Ya no siento frío: me estoy acercando al centro, al sitio donde no hay más capas que despegar, y presiento que detrás de los últimos pliegues se esconde el calor del Sol. Antes de seguir, mi propia tibieza me ha desentu-mecido. Sólo queda un frescor de verano rezagado, y tengo tiempo de sentir un gusto de azúcar y de vainillas con leche antes de sacarme las últimas capas.

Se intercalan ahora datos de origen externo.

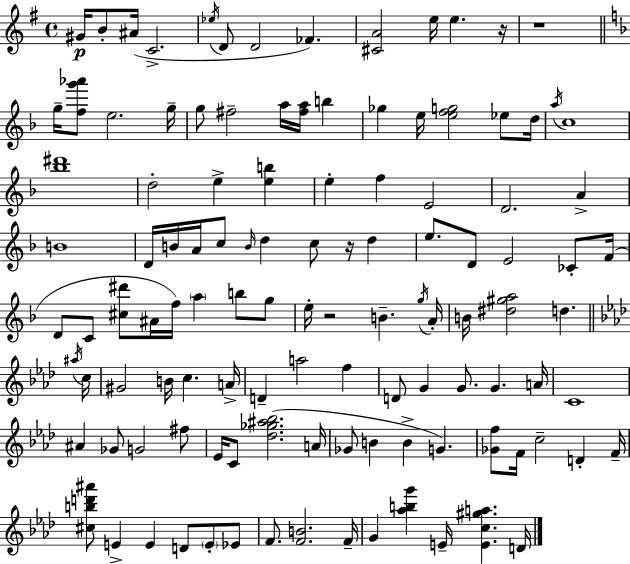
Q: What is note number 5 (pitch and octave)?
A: Eb5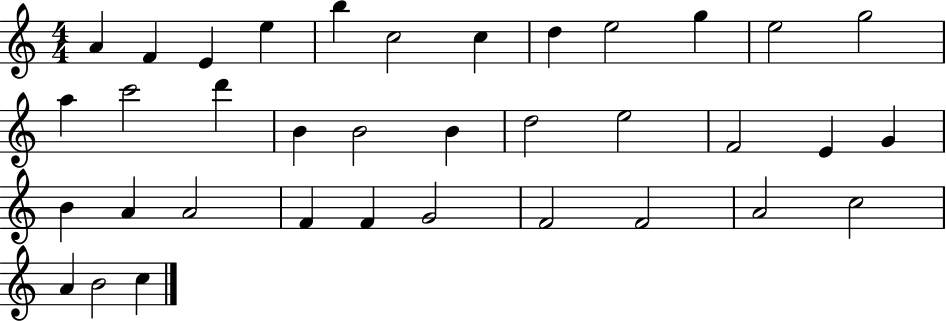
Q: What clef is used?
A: treble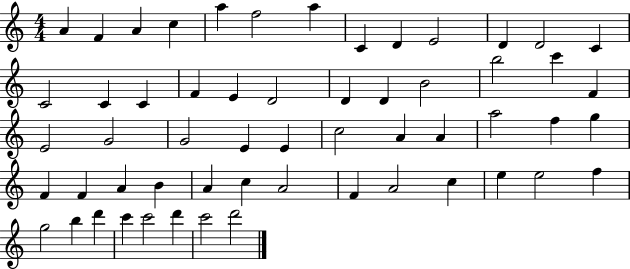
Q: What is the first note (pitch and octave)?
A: A4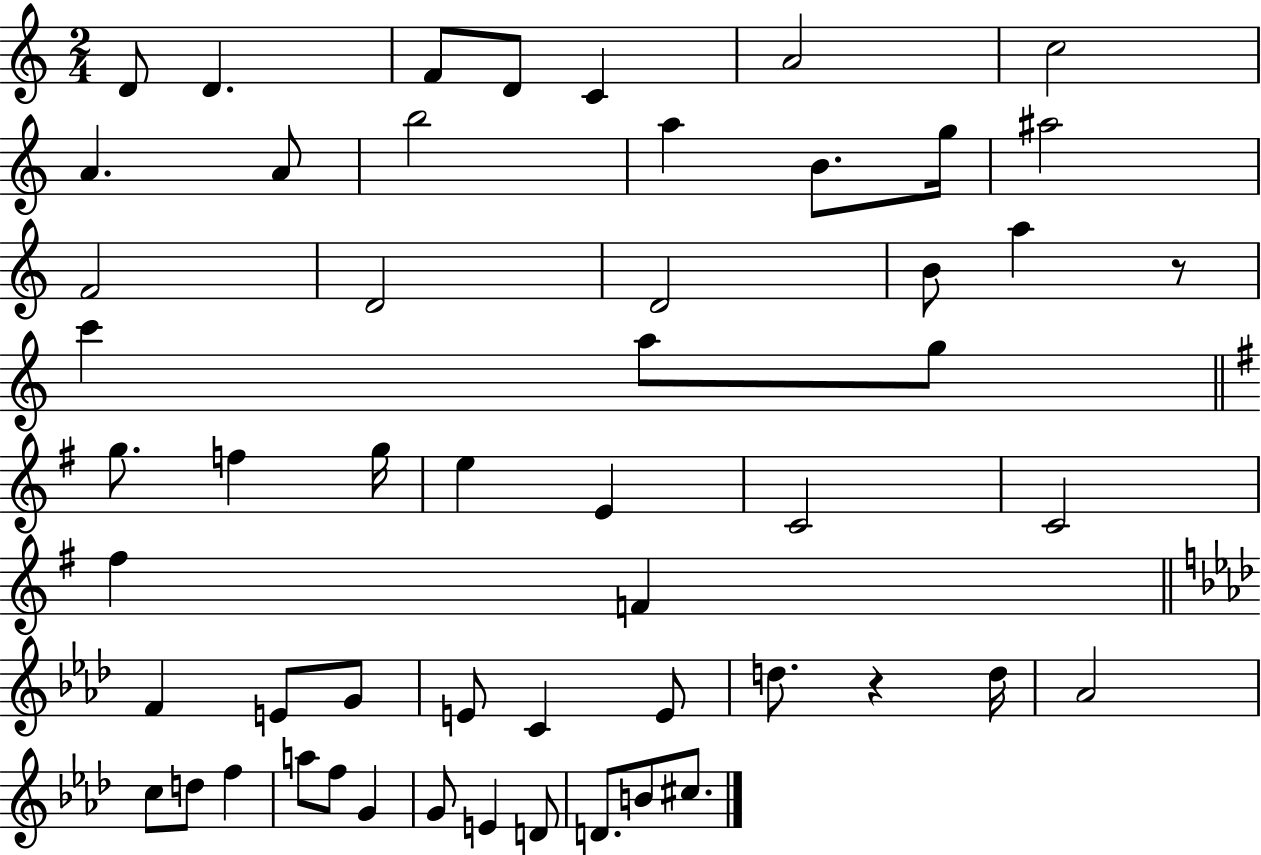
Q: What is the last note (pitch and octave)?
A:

Una vez devenida en la última esencia, me abro. Sin coberturas que me delaten, soy totalmente invisible y liviana, y derivo entonces de aquí para allá, liberada de gravideces y techos. Salgo por la ventana y subo, siempre flotando; la vastedad del aire exterior me fortalece, y me muevo a mayor velocidad que antes, llamada por destinos ineludibles. Entonces me despliego. Descubro el mar dentro de una selva. Germino estepas. Despierto músculos. Procreo metáforas. Hago crecer el Sol sobre la noche. Derribo montañas de fal-sedades. Desmiento los relojes y los calendarios. Derramo lluvias de miel sobre los hambrientos y enjuago la boca de los que tienen sed. Libero a los muertos para que vuelvan a vivir. Detengo los malos vientos y borro las señales agoreras. Llevo la ciudad al bosque y el bosque a la ciudad. Invento la palabra. Detengo la caída de las piedras. Multiplico peces y pájaros. Niego las fronteras. Creo la música. Vaticino la caída de una hoja. Enderezo este tronco y tuerzo aquella rama. Eternizo sobre un río el olor que anuncia la tormenta. Muevo las ruedas que mueven los motores del mundo. Aliento corazones fatigados. Caliento hogueras dormidas. Endurezco la sangre de las heridas y ablando el hielo de las miradas. Hago que el trébol domine al abrojo y el junco a las malezas. Cincelo abrazos deleitosos. Anido canciones y llantos. Descifro jeroglíficos. Seco viejas humedades. Consuelo a los zánganos desterrados. Sello las grietas de un antiguo terremoto. Destejo mantos de olvido. Ilumino sombras. Amaso vidas.

Cansada de tanta omnipotencia; me visto de nuevo.